The Spokemaster said:


> Quite likely there is or was a MADE IN CHINA sticker somewhere on this -that sticker may yield a date of manufacture -this particular style of bicycle is called a 'LOWRIDER' -these types of bicycles are not very old -it would be quite surprising if this is 30 / 35 years old ( likely not ) -SUN is a distributor out of Miami, Florida, they are well known for adult tricycles for retirees / handicapped -there product offering is heavily focused on the retiree or beach lifestyle that abounds in Florida and the manufacture of their product is almost entirely from China, the parts on that bicycle will be almost entirely from China -look on the backside of the crankarms or underneath the seat, there may be some sort of date-code there ( look also at what is stamped into the side of the coaster-brake brakearm )



I will this weekend and let you know what I found. I was in a bit hurry this morning, but will get better info . Thanks again , it's something to talk about .


----------



## WillWork4Parts (Apr 1, 2022)

Lowrider is close-ish, but no cigar. This style is called a Stretch. Think of the Dyno Stretch that made this trend popular. 

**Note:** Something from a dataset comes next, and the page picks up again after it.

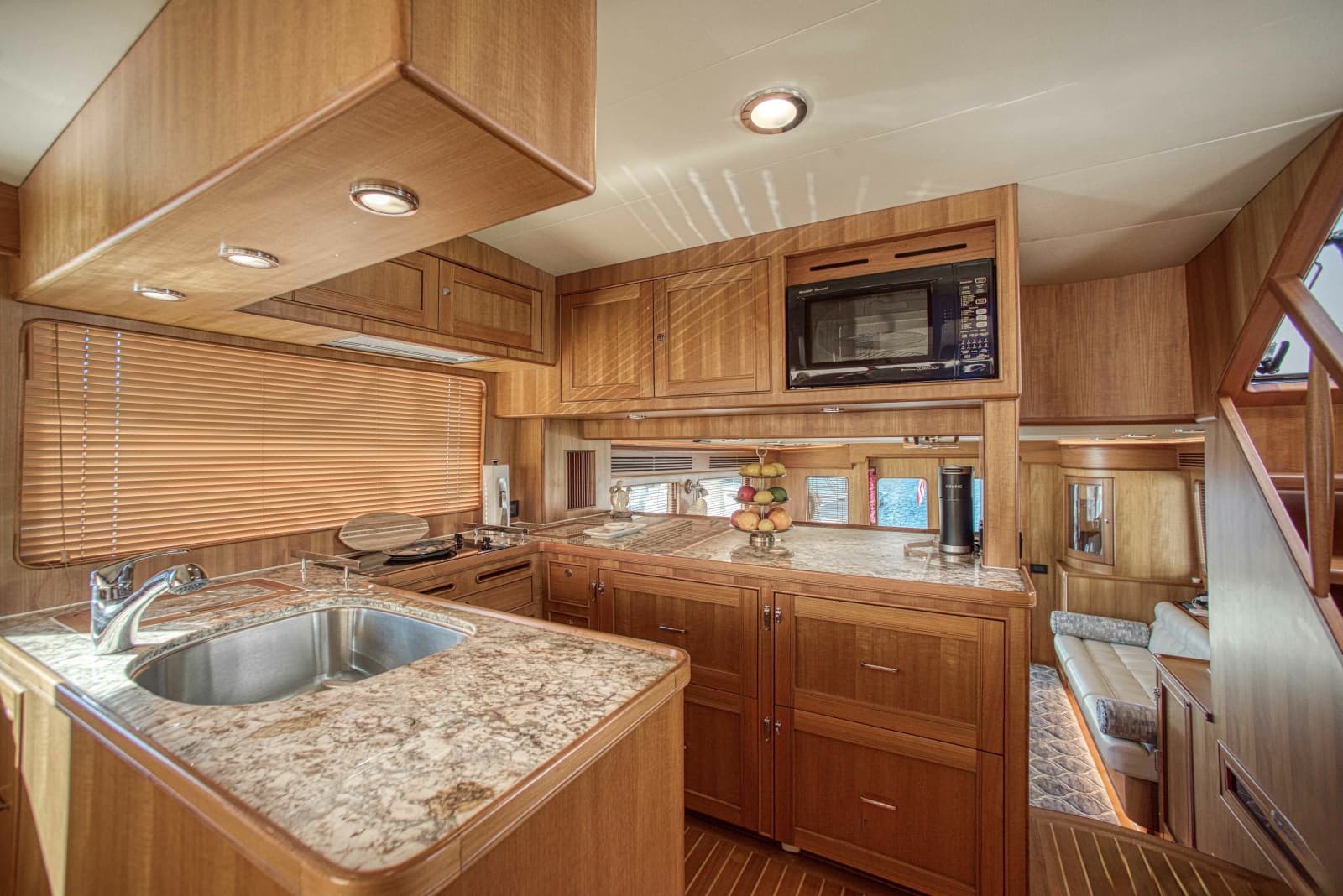 2017 Marlow Explorer 49E - Photo 11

						Sun Bicycles Stretch Cruiser Bike user reviews : 3 out of 5 - 0 reviews - roadbikereview.com
					

Sun Bicycles Stretch Cruiser Bike user reviews : 3 out of 5 - 0 reviews. Read it's strength, weaknesses, find deals and pricing - roadbikereview.com




					products.roadbikereview.com
				



Unfortunately, they don't say a year of manufacture....but they do list the installed parts that would help you verify the bike as a factory issue and not anything special made.


----------



## Indian Man (Apr 1, 2022)

WillWork4Parts said:


> Lowrider is close-ish, but no cigar. This style is called a Stretch. Think of the Dyno Stretch that made this trend popular.
> 
> 
> 
> ...



Thanks for info. That is pretty d__m close !


----------



## Indian Man (Apr 3, 2022)

Indian Man said:


> I will this weekend and let you know what I found. I was in a bit hurry this morning, but will get better info . Thanks again , it's something to talk about .



The man with the bike has not been home this weekend . I have found out that SUN is actually made in Miami, and have been building bikes since 1972 . Thanks so much for your help , it has been greatly appreciated.


----------